Ideologia não é o cisco em meu olho, mas... (sorry, Louis - que não curtiria metáforas bíblicas) |
Em 1983, ouvi um
argumento animador: quando a verdadeira revolução
anticapitalista triunfar, vamos nos livrar não só da exploração do trabalho,
mas do trabalho, curto e grosso.

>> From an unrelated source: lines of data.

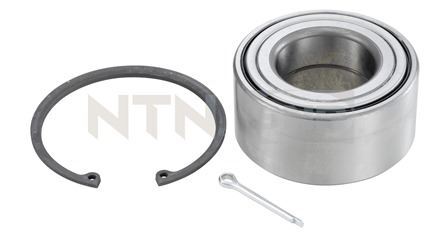 Roulement de roue de haute précision pour Santa Fé 2.0 4X4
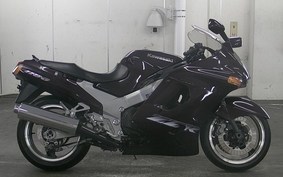 KAWASAKI ZX 1100 NINJA 1997 ZBD16V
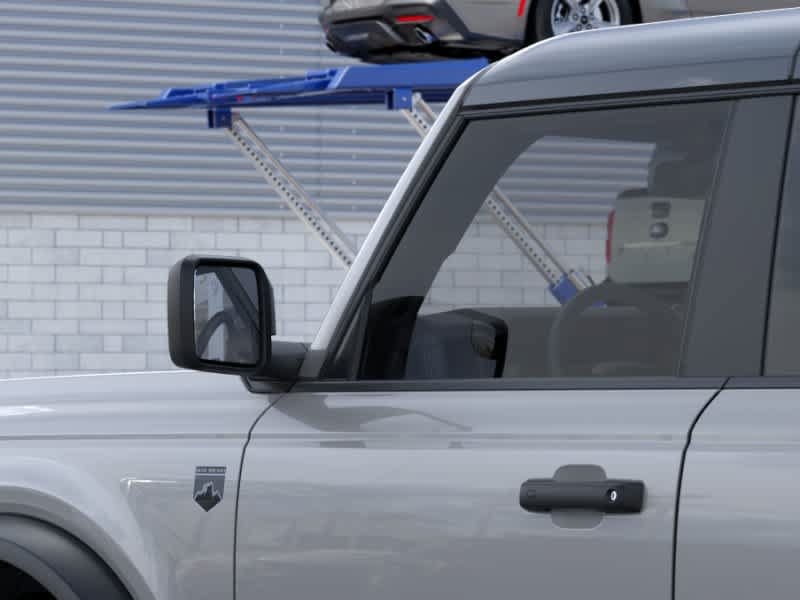 New 2026 Ford Bronco Big Bend AWD/4WD image 22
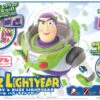 BANDAI Disney Maquette Toy Story 4 Buzz Lightyear -Modèles Figurines Boutique banmk57698b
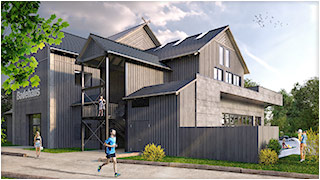 Stephan Ilge Architekturvisualisierung Cottbus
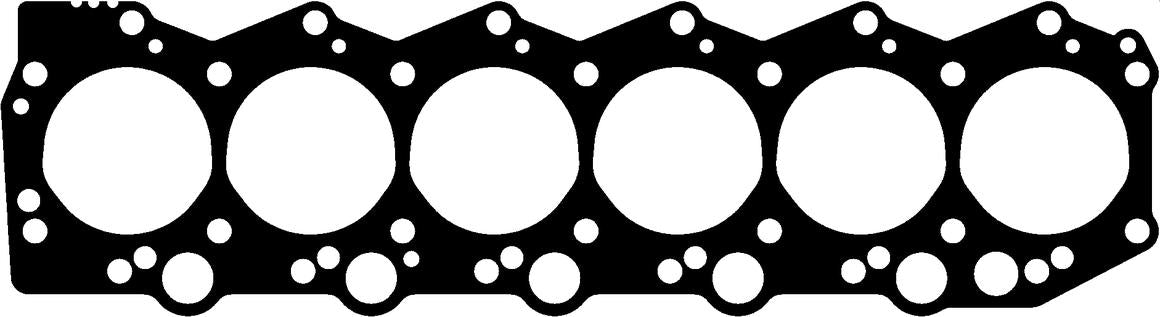 Permaseal Head Gasket S2034SS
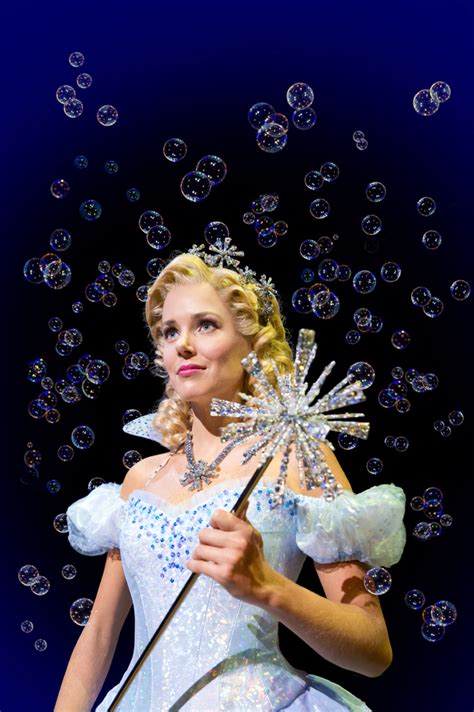 Glinda Quotes From Wicked. QuotesGram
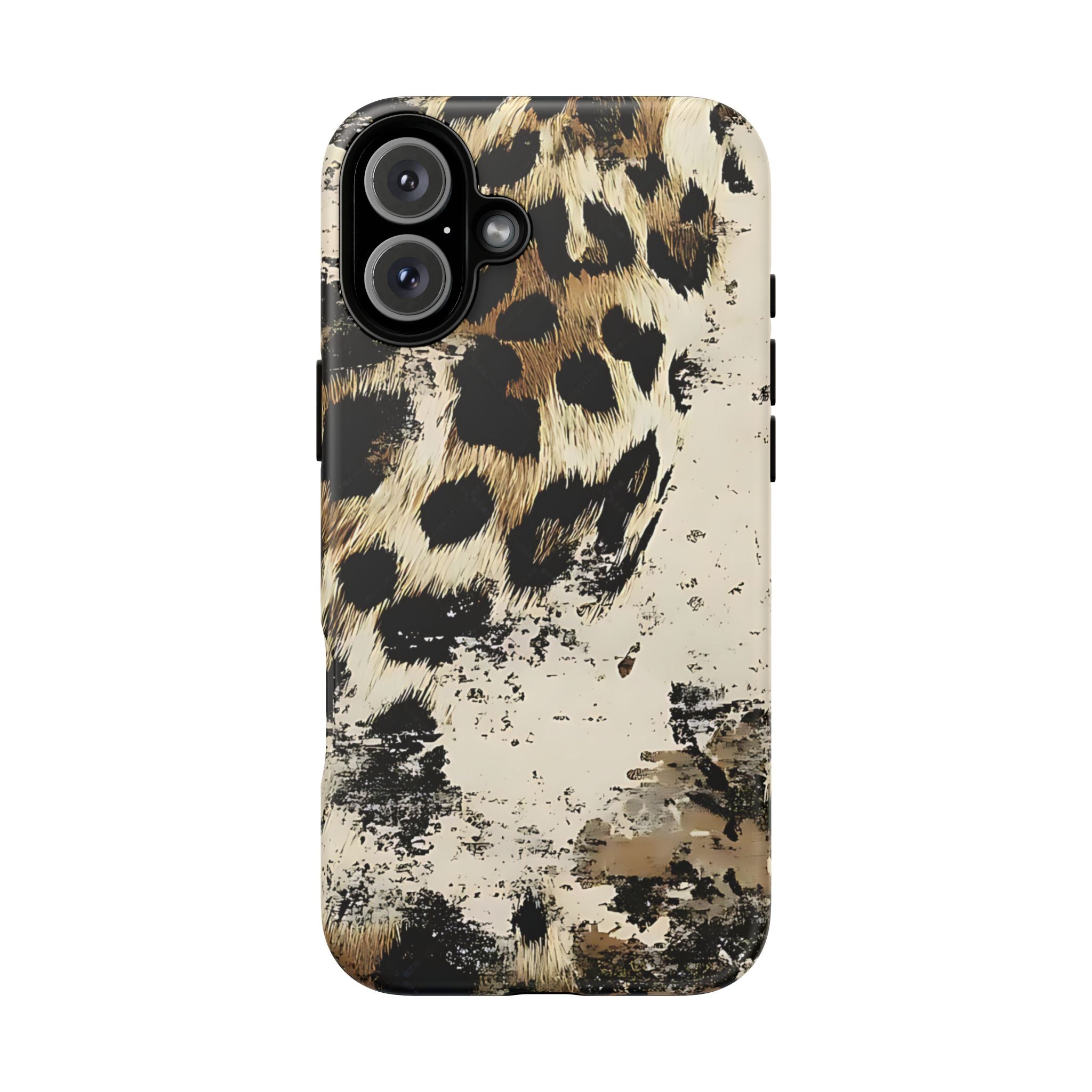 Leopard Phone Case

E, what is more, vamos também ser dispensados
de ler Marx, pois “lire le capital” dá muito trabalho; é cansativo (e vamos
preferir pescar de dia e ir à ópera de noite).
Durante campanha à
prefeitura, há uns doze anos, vi em Uberlândia uma boa ilustração de outro ponto
de nossa doutrina (no parágrafo anterior, trata-se de utopia das boas): é
sempre a direita que aparece volta e meia para negar a ideologia – os seis
candidatos se distribuíram três de cada lado, em debate sobre segurança pública: esquerda - direita.
Aqui cabe um traço,
para separar premissas e conclusão, pouco antes do “logo” ou do “ergo”.
Nestes meados de 2016 –
um inferno nas Américas, entre impostores aqui e postulantes fascistas lá – dá uma
preguiça ter que voltar pela pinguela ensebada das baboseiras dos golpistas.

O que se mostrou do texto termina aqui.